Peter lunged around and took down the two minoboars stalking him before they even got the chance to attack. "Griffin!" he screamed, then slammed Rhindon's point into the trampled snow. He gathered Cori into his arms and stood.
"I will ... be fine," Cori gasped out. "Let me stay."
A pale-feathered griffin landed before them. Peter hurried to push Cori onto its back. "The castle. Hurry! Get her to Susan!"
The beast swooped off with hardly a pause, leaving Peter standing there, staring after them, with his wife's blood on his shaking hands.
- # -
Dragons, being magical, were able to do many things Edmund had never considered, but now found dead useful. Among them, the ability to slow or speed time for their own purposes, so that while others never recognized the change, it enabled the beasts to travel anywhere in a matter of minutes. This, he learned, was partly responsible for the way time never ran as parallel or consistently in Narnia as that in other worlds. They reached the coast of Narnia almost as soon as Van had asked the dragon to get there.
He heard the cannons even before they got close enough to see the flash of artillery fire. The two Selbarani ships and The Phoenix were side-on with four Calormene corsairs, and firing rapid volleys. "This is going to get messy," Van muttered.
"Sssssure you want to land in that?" the dragon chuckled, still speeding toward the ships with Arrow and Quill riding the wake of his wind.
"Feel free to stick around for dinner, dragon," Van snapped. "Just remember which ones are on our side."

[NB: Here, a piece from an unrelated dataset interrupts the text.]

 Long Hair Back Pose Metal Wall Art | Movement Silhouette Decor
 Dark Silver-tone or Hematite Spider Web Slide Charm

"Maddoken," the dragon rumbled.
"What?"
"Figure you ssssshould know at leassssst my name before you kill yourssssself for thisssss."
As they approached The Phoenix, Van slid down the dragon's side until he dangled in midair by the beast's claw. "Maybe I've finally got something worth dying for."

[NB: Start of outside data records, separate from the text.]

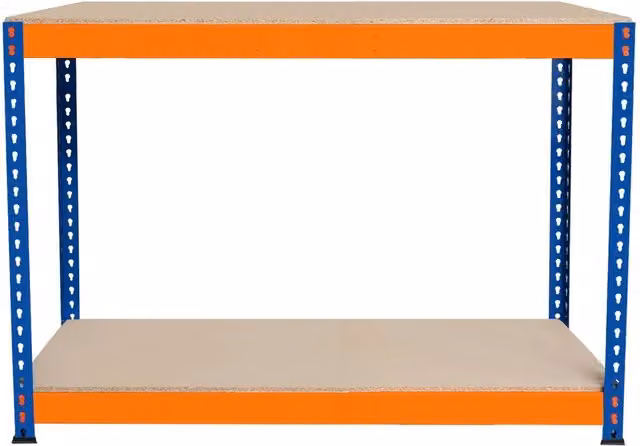 Monstershop S-Rax 2 Tier Workbench in Orange, W/D/H: 120 x 45 x 90 cm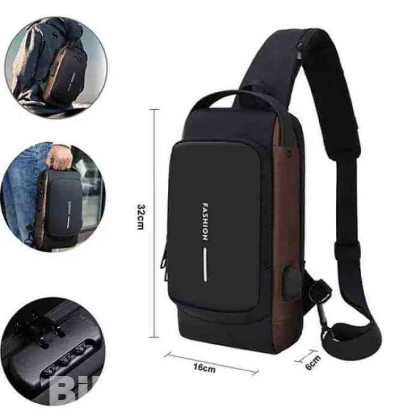 Solid USB Charging Port Sling Anti-Theft Shoulder Bag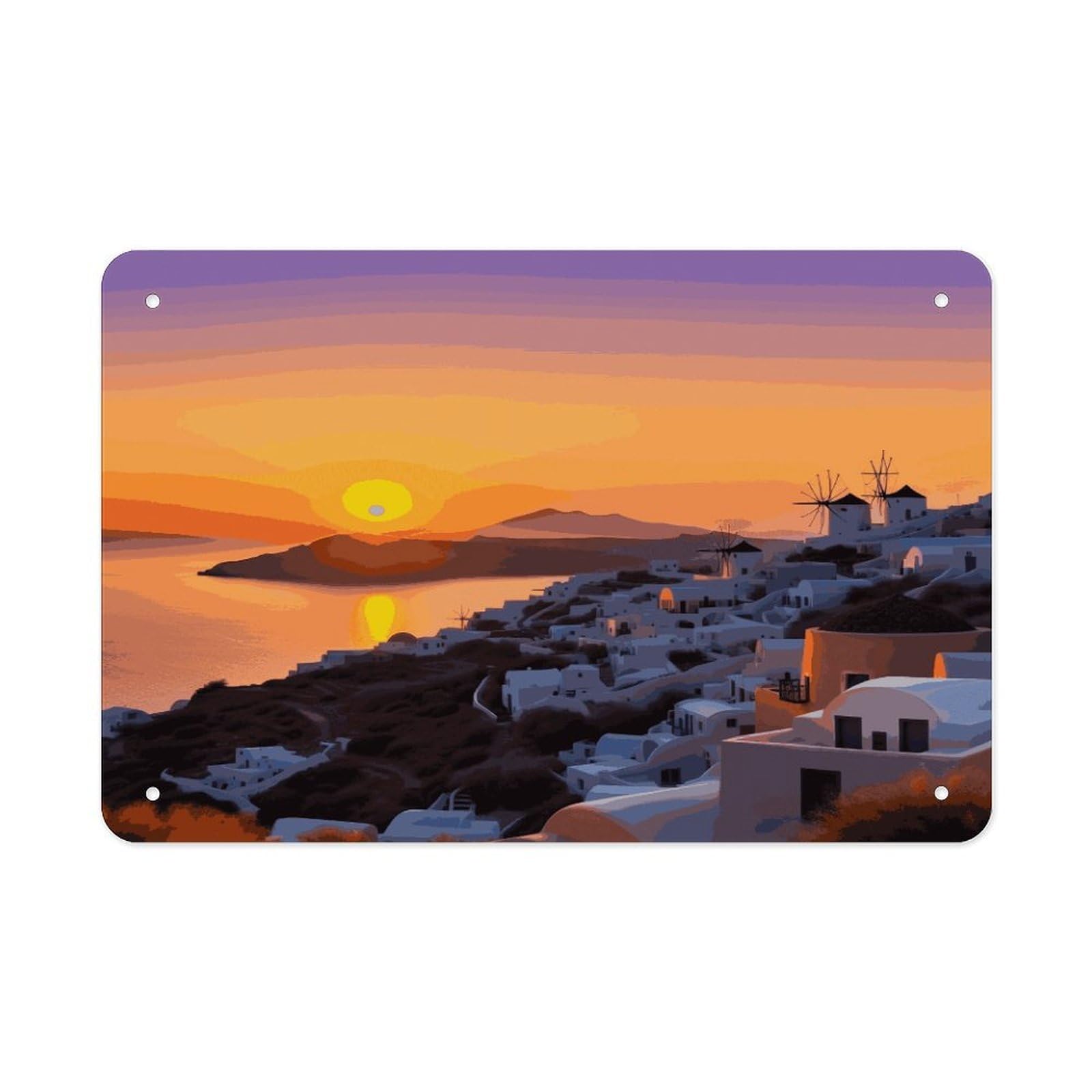 Fekiloot Style Greece Island Sunset Landscape Metal Signs Wall Art Tin Sign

Edmund swung down and the dragon caught him in his other claw. "Ready?" he called as they approached The Phoenix. Crew of all the ships had noticed them now. Some ran for catapults. The dragon drifted over The Phoenix. "Now!" Ed shouted.

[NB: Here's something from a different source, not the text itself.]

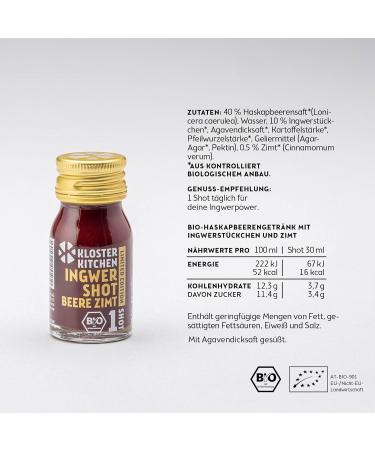  Kloster Kitchen Kloster Kitchen 1SHOT 28 x 30 ml Organic Ginger Bottles with Small Pieces of Ginger I Limited Edition Ginger Shot Vegan Glass Bottle Sweet No Additives and Includes - Buy Online on GoSupps.com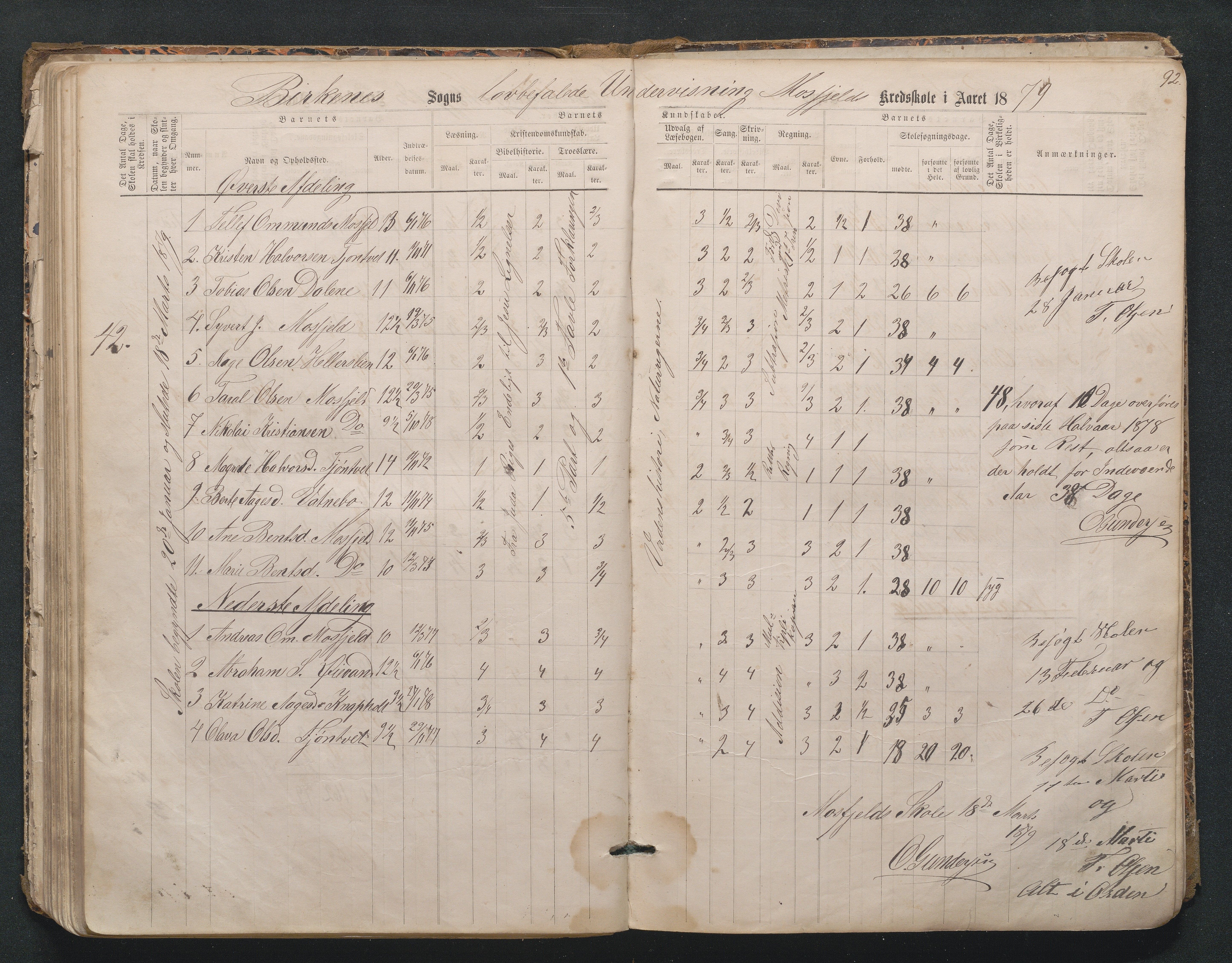 Birkenes kommune, Mosfjell skolekrets, AAKS/KA0928-550f_91/F02/L0001: Skoleprotokoll Flå og Mosfjell, 1867-1909, p. 92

Van dropped safely away and slipped down a sail, where he caught a bit of rigging and slid to a stop. But at that moment, a volley of fireballs soared through the air at the dragon's head, forcing him to turn aside. Edmund swung wildly and plummeted through the air over open water. He gasped out a breath and his stomach plunged as he fell.
A cloud of leaves rushed upward and solidified into a mass of vines. Edmund collided with the makeshift slide and skidded down to the rigging of The Phoenix.
The vines reformed into Asha, clinging to the shrouds beside him. "Hi, beautiful," Ed grinned.
She flashed a return smile. Together, they rushed down the netting and dropped to the deck of The Phoenix.
The minotaur who was second-in-command aboard the ship spotted him. "Now that's an entrance what I ain't seen yet."
"Get ready. The Witch will be here any minute," Ed said. All around them, crew were rushing back and forth to defend the ship.
Van dropped to the deck a few meters away. "I thought the dragon could outrun her."
"She has the Dreadken with her, Van. Don't forget they have magic other than fear-spells. They'll speed up that ship, now they've got something to rush to."
"Edmund!" Lucy rushed across the deck and collided with him in a hug. Then she whirled and found Van standing behind her. She took one running step and stopped, her face alight with desperate relief, her arms half up as if to hug him also. Her face went red.
Ed spied the stricken look on Van's face—the worry—and then he realized what—who—his first mate had been talking about when he mentioned something worth dying for. Somewhere among the pounding of cannons and the madness of fighting the Witch's forces, Vandelar had fallen in love with Lucy.
Ed smiled, wondering. "Everyone as you were." He nodded to Asha, who nodded back and returned to her ship in a whirl of leaves. Edmund broke into a jog toward the cook's supply closet. The time had come to fulfill his promise to Aslan.
As he passed Lucy, he leaned in close to her ear. "Take a few minutes, sister. There are things more important than war."